Test before you roll forward if your agents live in the scrape, crawl, and summarize world. The web research regression is small in absolute terms but consistent across the families we measured, and it is exactly the kind of domain specific shift that an aggregate score will not warn you about. Run your own A/B on your top scraping workflows first.
For everyone else, the deciding question is not "did accuracy go up." Accuracy was a tie. The question is whether you want the same answers for fewer turns and less money, and there the answer is unambiguous.
The takeaway: measure behavior, not the changelog
A skeptic has two reasonable objections. The first: a flat score is just no improvement, so why care?

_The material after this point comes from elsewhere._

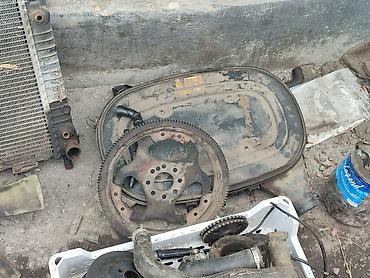 Двигатели, моторы и ГБЦ: Запчасти на Мерседес 124 — 8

Because in agentic systems the score is the least sensitive metric you have. Two models can tie on accuracy while one spends 21% more of your budget to get there. The tie is real. It is also not the whole measurement.
The second: these are harness numbers, not your invoice. True. But because we priced both versions identically, the relative differences in turns, tokens, and cost are exactly what you would see at any pricing, including your own. The absolute dollar figure is a valuation. The 21% turn gap is a fact about the model.
Point releases deserve more than a glance at the leaderboard. Measure them on behavior, on your own tasks, with skills installed and stripped out, and look at the per domain breakdown before you trust the average. The upgrade that hides behind a tie is often the one worth shipping.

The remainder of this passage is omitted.